Vasilivich gently turned over the doctor’s body. It was indeed a veritable checkerboard of deep slashes, particularly in the region of the lower back, over and across the buttocks.

Pendergast examined the corpse for a minute. Then he froze. After a moment he bent over the lower back, his hand coming forward.

“Agent Pendergast,” Vasilivich warned.

Pendergast stopped. “Note this section of vertebrae here, from about L1 to S2.”

“Yes?”

“Please inspect it. Wouldn’t you say that the extensive shredding and tearing of the flesh along the spinal column is more than just the result of slashing with a knife?”

Vasilivich placed his gloved hands on the corpse’s lower back and began gently pulling away the flesh, first at one spot, then another. “My God,” he murmured. “You’re right. There’s been an excision.”

“Can you identify the missing material?” Pendergast asked.

More prodding. “Yes,” said Vasilivich. “It would appear to be—”

“The cauda equina,” Pendergast finished for him.

The M.E. looked up at him, blinking in surprise. “How did you know?”

“Examine the old woman’s body, if you please.
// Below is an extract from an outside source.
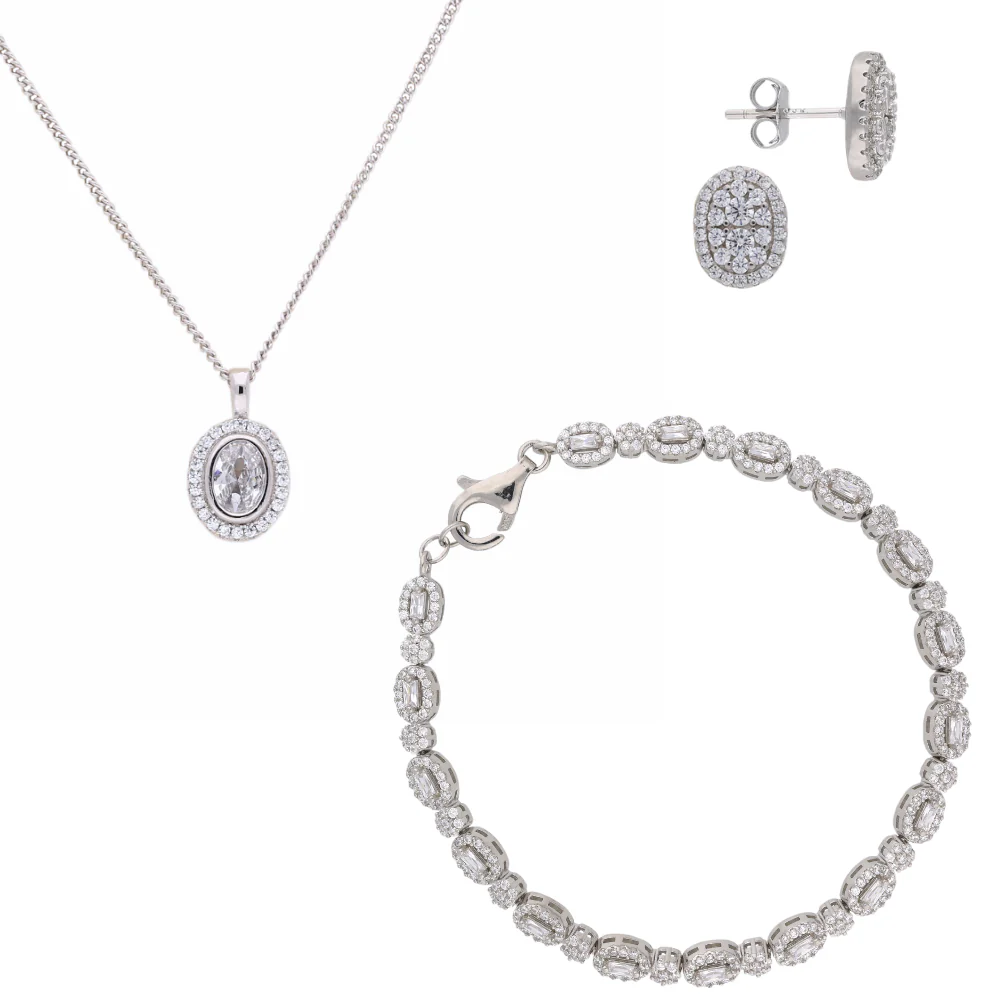Sterling Silver Oval Cubic Zirconia Pendant, Earring & Bracelet Set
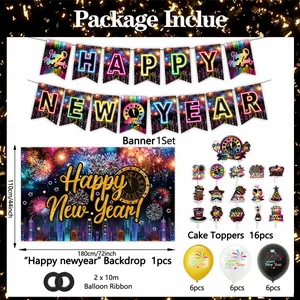 Kit complet de fête Nouvel An 2027 avec bannière, toile de fond feu d'artifice et ballons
See if it is missing its cauda equina, as well.”

It was the work of two minutes to determine that this was, in fact, the case.

“Aloysius?” Longstreet asked in a strange tone. “What exactly is going on here?”

But Pendergast did not answer. The cauda equina. Very quickly, many things fitted themselves together in his mind. Enoch Leng and his elixir. Constance Greene and her sister, Mary. And now Diogenes.

So the killer had intended to slash his victim from the very beginning. The morphine was simply to dispatch her, to make his job easier. But once one knew where to look, all the lacerations, cuts, and slashes in the world couldn’t hide the fact that a small excision had been made from both bodies.

“Why are you doing this?” he asked his absent brother, in a voice below the threshold of hearing.

* * *

At that moment, there was a loud knock on the cooler door. Vasilivich walked over and pulled it open. One of Longstreet’s field agents was waiting outside. He quickly stepped in.

“Yes?” Longstreet asked.

“There’s been a break in the Leyland case,” the agent said.

“Go on.”

“We already knew that, infrequently, he did work for the Hendry County medical examiner. But we’ve now learned that, even more infrequently, he assisted the M.E. in administering lethal injections to death row patients.”

“And?” Longstreet urged.

“Just seven days ago, he supervised an execution at Pahokee. Single-handedly.”

Pendergast quickly drilled the man with his gaze. “And who was executed?”

“Lucius Garey. He was buried the day before yesterday.”

Just as quickly, Pendergast turned back to Longstreet. “You need to put through a request to have that prisoner’s body exhumed. This morning.”

“Not until you explain what’s going on.”

“I’ll explain on the way to the grave site. Now please, make the call. There’s no time to lose.”